* _Stored records_:
+-------+

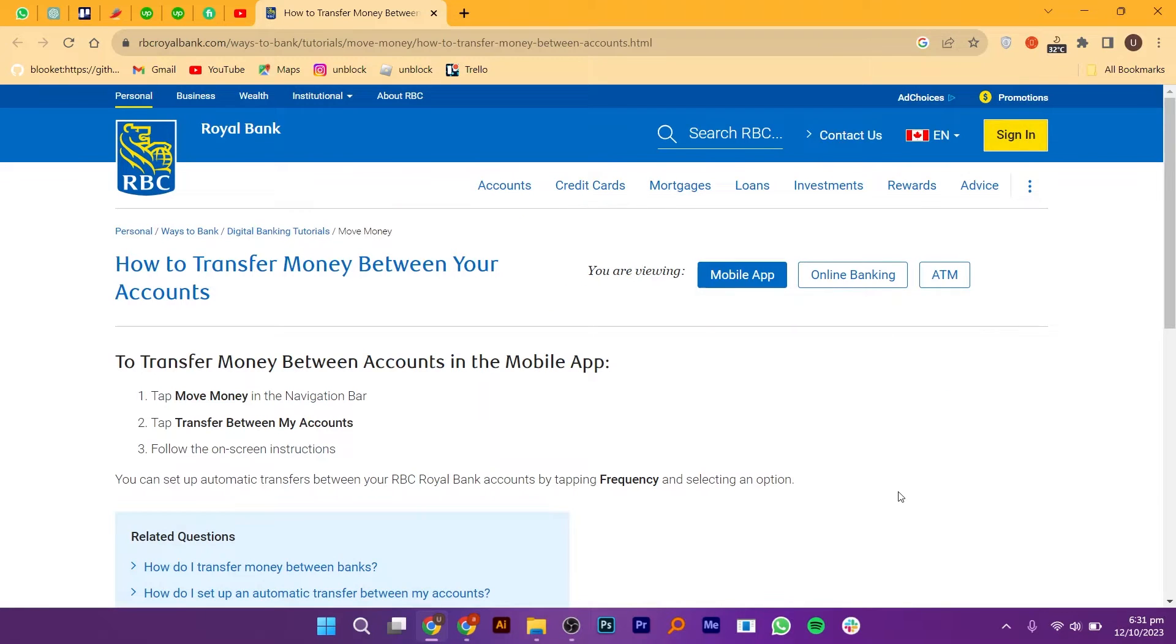Transferring money from RBC to TD is very easy. Today I'm going to show you how to do it.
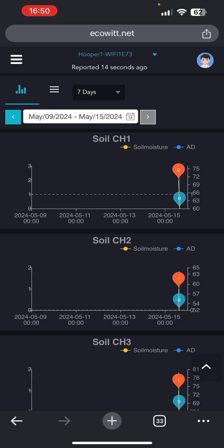If you write down what those readings are at either the top or the bottom — where it either plateaus at the top or plateaus at the bottom — you can know precisely what the 100% or the 0% of the sensor is when you go to calibrate it.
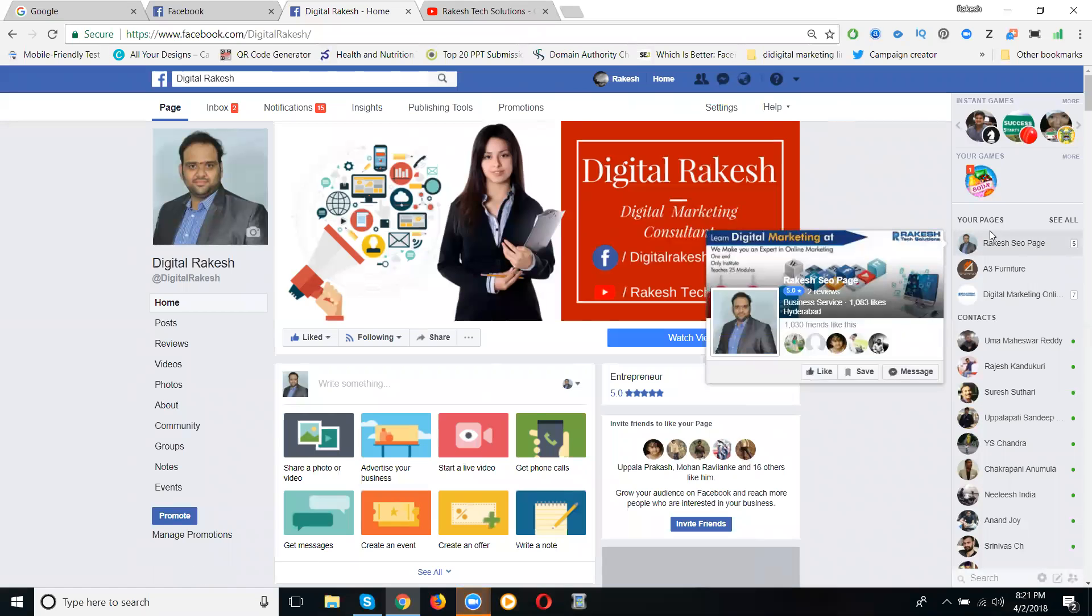Here we can make a video using the Facebook page. The supported time will be 59 seconds, less than a minute. So up to 50 seconds they will accept on your Facebook page to make the video along with photographs.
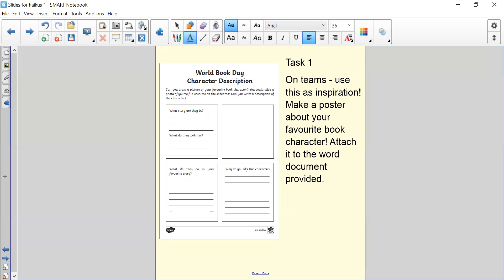Task one is all about a character description. Use this as inspiration and make a poster about your favourite book character and attach it. What story are they in? What do they look like? What do they do in your favourite story? Why do you like this character?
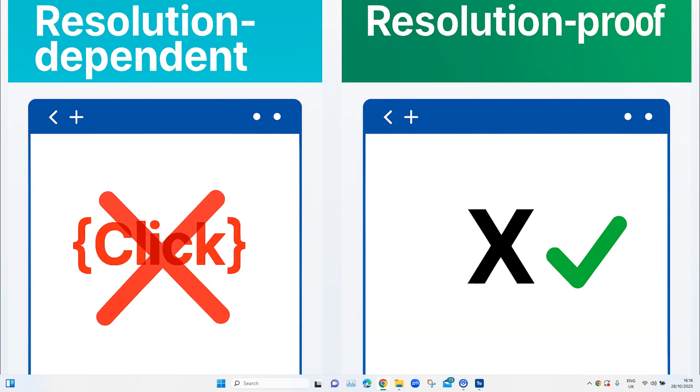But X, at the same time, is programmatic. It checks if the control is enabled and executes the click. No mouse pointer, no resolution dependency. It's the smarter, more reliable choice. Also, don't forget, it's one of the recommended best practices to use X instead of the click method in your test cases.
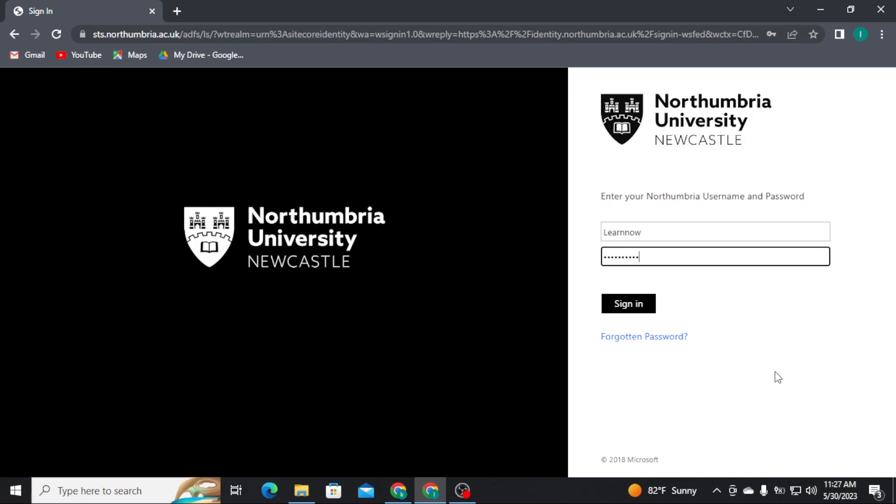Now once you're done with typing in your username and your password correctly, tap on the sign in button to get logged into your Northumbria student portal.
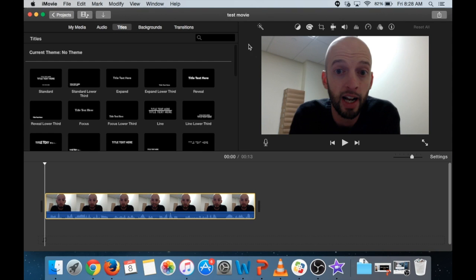Alright, so once again, just a review, you open QuickTime Player, you hit record and start recording a video. You save it and then you drag it on into iMovie for further editing. If you have any questions about this, ask your teacher or come on by the help desk. Thanks everybody. Take care. Bye.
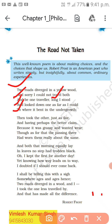Then he took the other road — just as fair as the first, and having perhaps the better claim. The poet compares the two paths. The second road was also clean and good. It had perhaps the better claim because it was grassy and wanted wear.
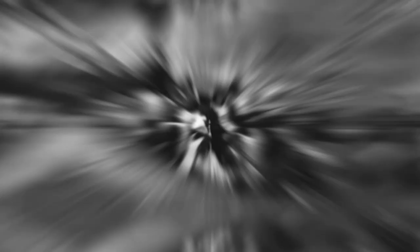This discovery has answered some of the questions surrounding the tragedy, providing new information on the circumstances of its sinking.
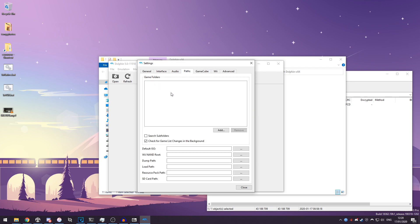You can also add paths here so you can add your paths to where you've got your Nintendo Wii ROMs saved or ISOs rather, or you can just launch history from the open thing there.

+-------+

* _EXERCISE BRIEF_: Write out exactly the lines from the one containing "Then he took" through the end of the records above, both included, leaving all pictures out.

* _REPLY_:
Then he took the other road — just as fair as the first, and having perhaps the better claim. The poet compares the two paths. The second road was also clean and good. It had perhaps the better claim because it was grassy and wanted wear.
This discovery has answered some of the questions surrounding the tragedy, providing new information on the circumstances of its sinking.
You can also add paths here so you can add your paths to where you've got your Nintendo Wii ROMs saved or ISOs rather, or you can just launch history from the open thing there.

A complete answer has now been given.